Starting with the line that contains "Chevron - Round End Table - Brown", give again exactly and only each line through the end of the records; include the last line and exclude pictures.

Short descriptive text snippets:
● ● ● ● ● ● ●

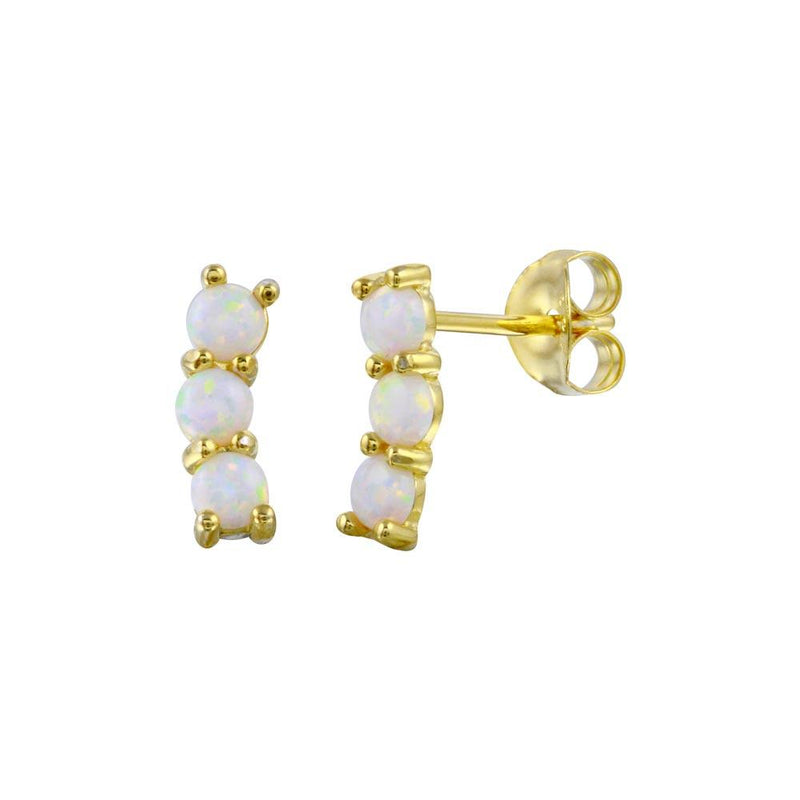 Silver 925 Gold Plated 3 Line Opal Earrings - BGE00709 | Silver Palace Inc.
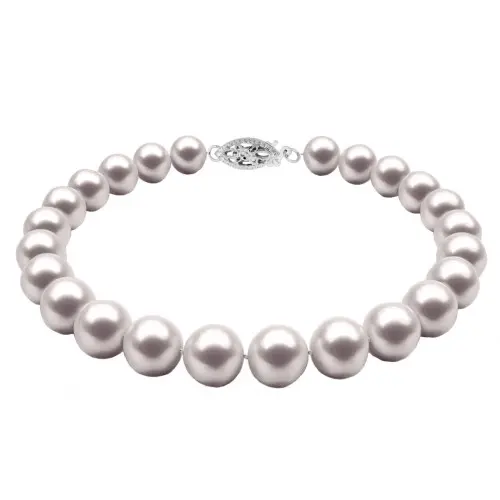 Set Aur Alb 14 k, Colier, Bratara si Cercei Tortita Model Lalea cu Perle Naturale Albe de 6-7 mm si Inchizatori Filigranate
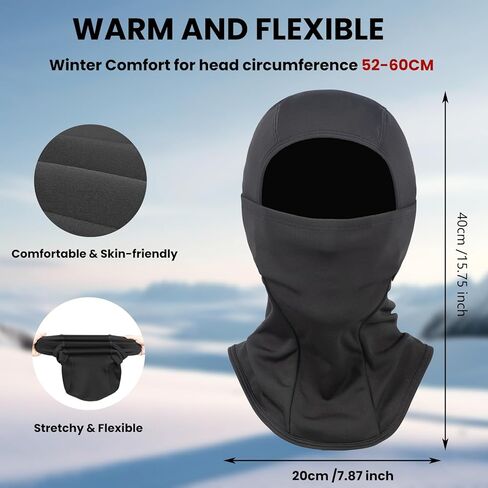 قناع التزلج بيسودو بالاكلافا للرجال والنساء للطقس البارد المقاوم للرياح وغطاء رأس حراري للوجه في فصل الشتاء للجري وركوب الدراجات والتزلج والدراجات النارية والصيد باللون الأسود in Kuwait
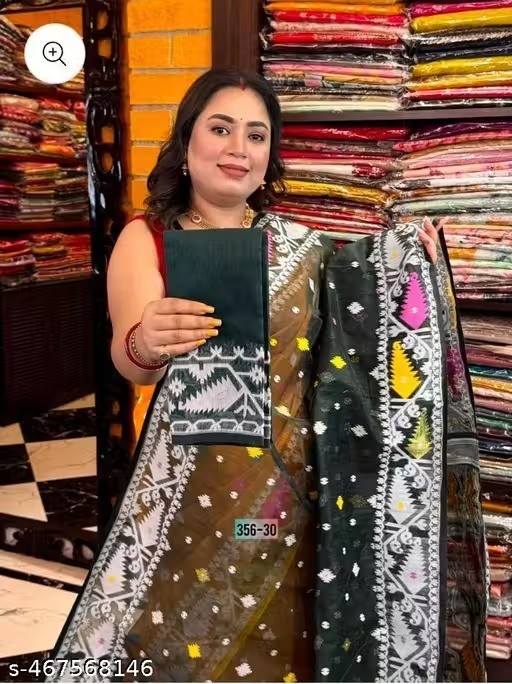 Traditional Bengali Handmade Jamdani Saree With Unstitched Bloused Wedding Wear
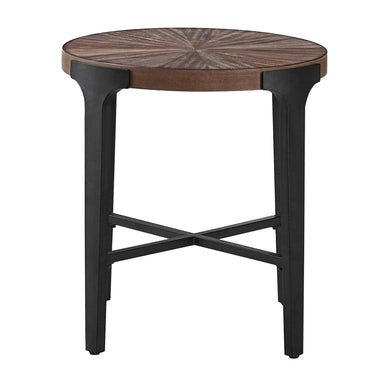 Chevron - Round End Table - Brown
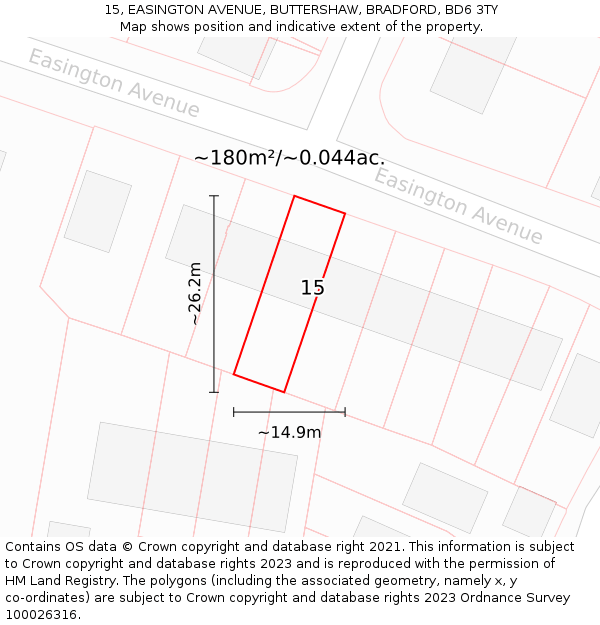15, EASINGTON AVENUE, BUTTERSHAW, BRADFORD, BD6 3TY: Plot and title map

● ● ● ● ● ● ●

## SOLUTION BELOW
 Chevron - Round End Table - Brown
15, EASINGTON AVENUE, BUTTERSHAW, BRADFORD, BD6 3TY: Plot and title map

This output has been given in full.